Utah voters test drive new electronic voting machines

SALT LAKE CITY -- To vote in Utah, Lindsey Baum has to have some assistance.

"I always have to have someone visual there looking over my shoulder. We’re always kind of guaranteed no one needs to know," she told FOX 13. "Well, I don’t get that same courtesy."

Baum, who is blind, was invited to test some new electronic voting equipment that the state is considering purchasing. The Lt. Governor's Office wanted her input on machines produced by five different companies vying for the multi-million dollar state contract.

A test ballot is filled out during a demonstration of new voting equipment. (Photo by Ben Winslow, FOX 13 News)

"I know some people do better with the audio, some people like the hard copy print or hard copy Braille. But I love having both options," she said of her top choices.

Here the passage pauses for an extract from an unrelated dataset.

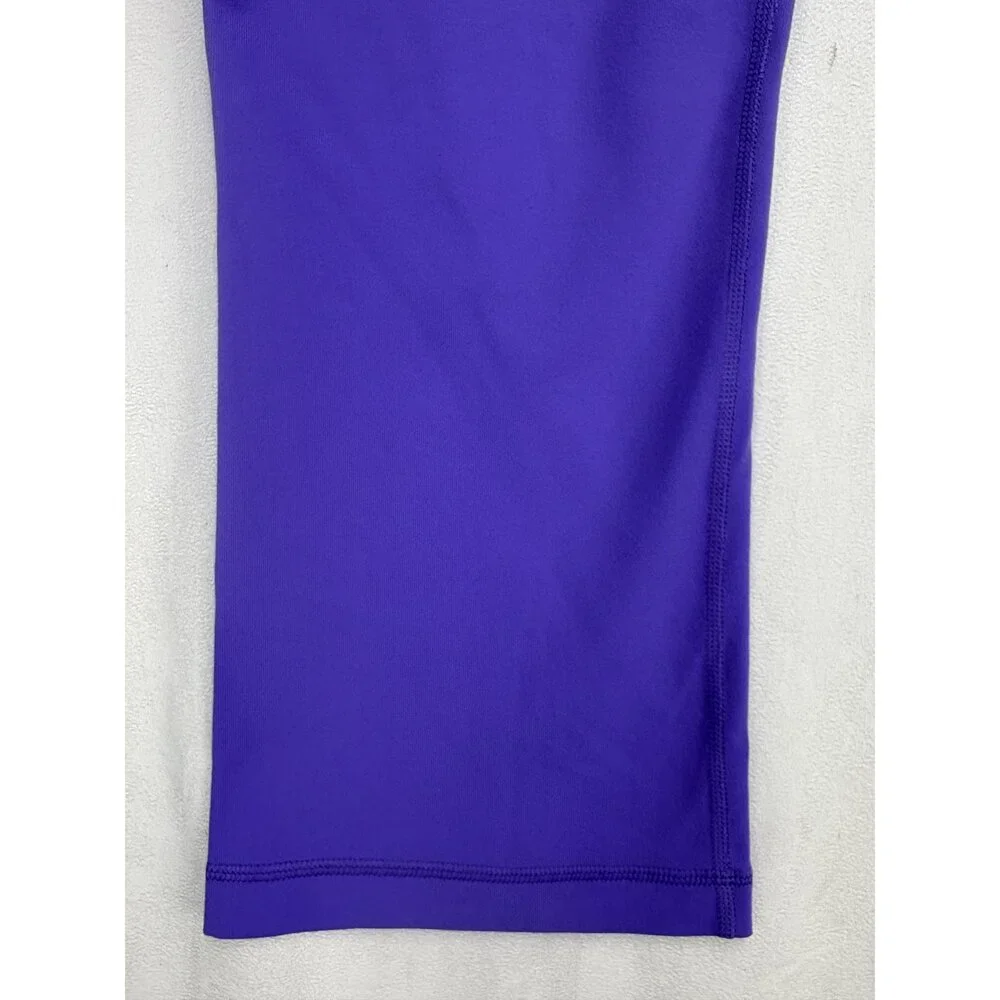 Lululemon Purple Cropped Capri Leggings Sz‎ 8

Some machines provided a little of one, the other and both. She was joined by voters, county clerks and others who evaluated the machines for ease of use. The state is replacing its existing voting machines and offered a public demonstration Wednesday.

"That’s going to be critical part of our new voting equipment to make sure ease of use," said state elections director Mark Thomas. "Do you feel confident going to the polling equipment?"

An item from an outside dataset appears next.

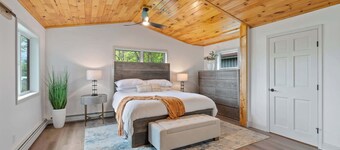 Lakeview, Spa, Firepit, BBQ, Fireplace + Speakeasy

Each company set up a booth to showcase their voting machines. They highlighted the features and security for people who showed up to the Utah State Capitol to try them out.

Voting equipment is demonstrated in the Utah State Capitol. (Photo by Ben Winslow, FOX 13 News)

A special committee has also been set up to evaluate the bids. Thomas told FOX 13 he estimates the state will spend about $10 million on the equipment. It's a third less than what Utah spent when it purchased electronic voting machines more than 10 years ago.

But in addition to offering polling places, the new equipment must also handle vote-by-mail elections.

"With the majority of counties going vote by mail, we need to look at equipment that tabulates faster, that can handle that volume of vote by mail ballots," Thomas said.

The demonstration runs Wednesday until 7 p.m. Public feedback will be considered as part of the overall bid process with a final decision expected in about a month.